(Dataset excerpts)
--- --- ---

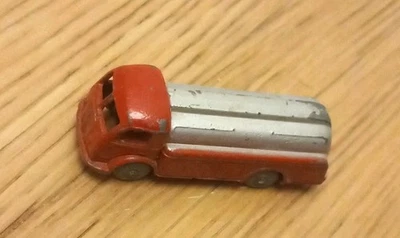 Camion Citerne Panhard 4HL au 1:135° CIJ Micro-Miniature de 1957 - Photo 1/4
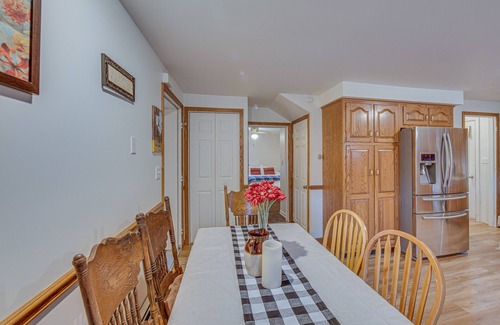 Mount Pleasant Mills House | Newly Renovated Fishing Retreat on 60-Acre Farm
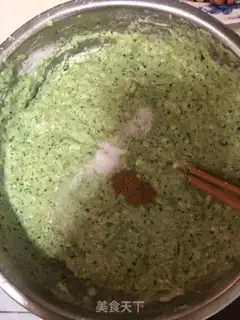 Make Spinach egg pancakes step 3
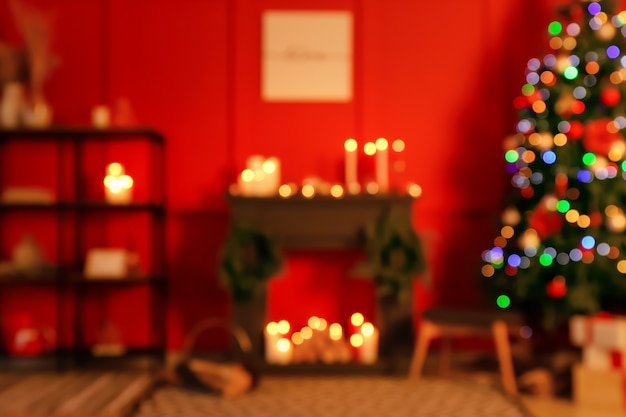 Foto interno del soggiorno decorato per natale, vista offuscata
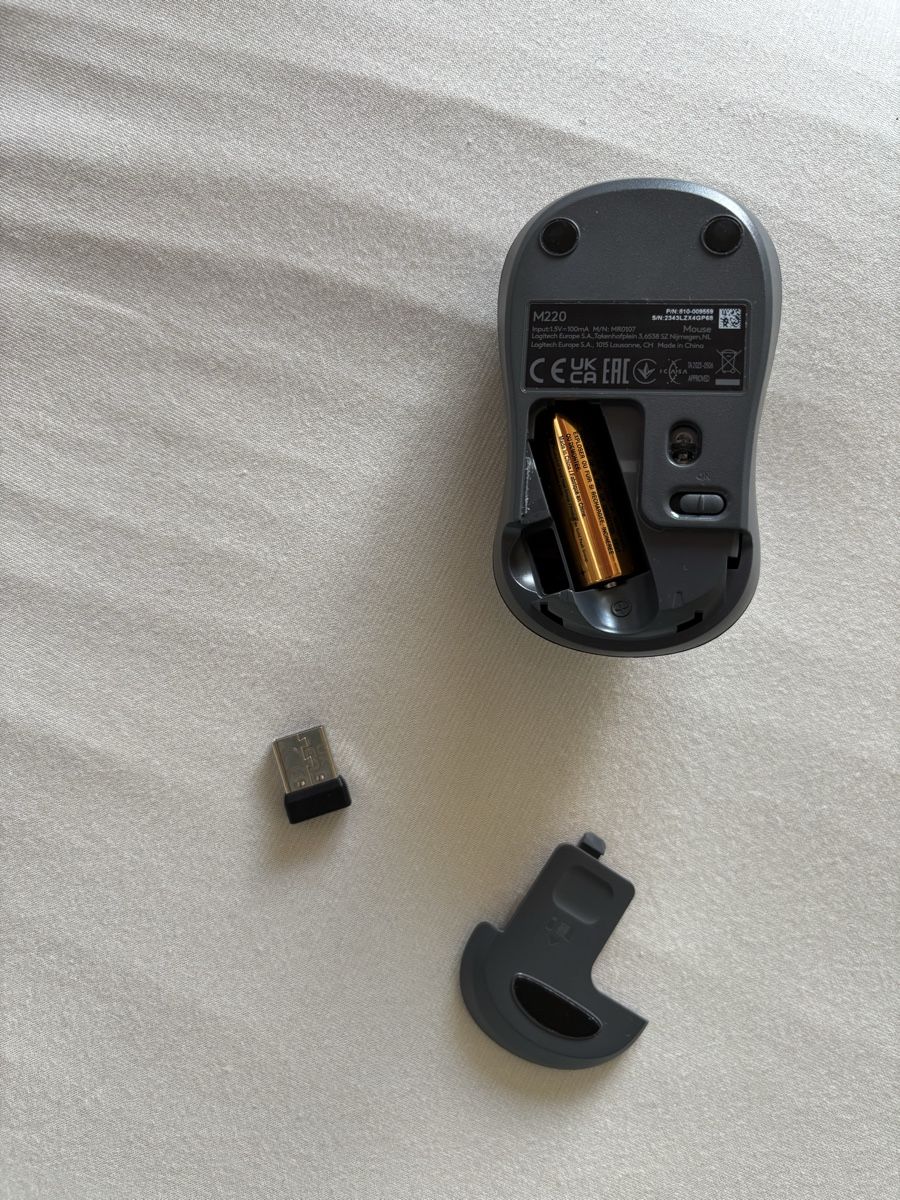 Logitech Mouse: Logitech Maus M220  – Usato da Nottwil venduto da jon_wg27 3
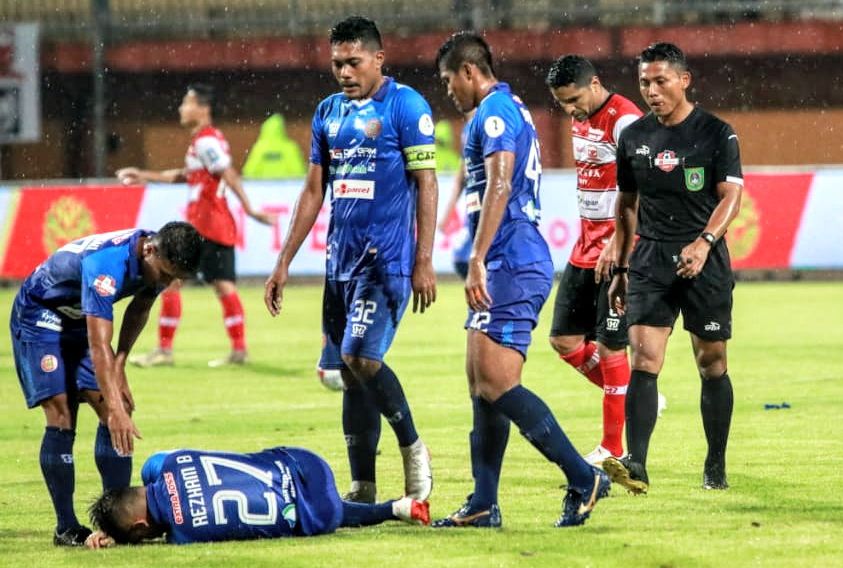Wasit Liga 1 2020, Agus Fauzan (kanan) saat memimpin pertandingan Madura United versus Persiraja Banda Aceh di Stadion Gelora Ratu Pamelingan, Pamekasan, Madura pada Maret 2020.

--- --- ---

YOUR GOAL: Return, exactly as they stand, all of the lines above, but not the pictures.

ANSWER TO THIS PROBLEM:
 Camion Citerne Panhard 4HL au 1:135° CIJ Micro-Miniature de 1957 - Photo 1/4
 Mount Pleasant Mills House | Newly Renovated Fishing Retreat on 60-Acre Farm
 Make Spinach egg pancakes step 3
 Foto interno del soggiorno decorato per natale, vista offuscata
 Logitech Mouse: Logitech Maus M220  – Usato da Nottwil venduto da jon_wg27 3
Wasit Liga 1 2020, Agus Fauzan (kanan) saat memimpin pertandingan Madura United versus Persiraja Banda Aceh di Stadion Gelora Ratu Pamelingan, Pamekasan, Madura pada Maret 2020.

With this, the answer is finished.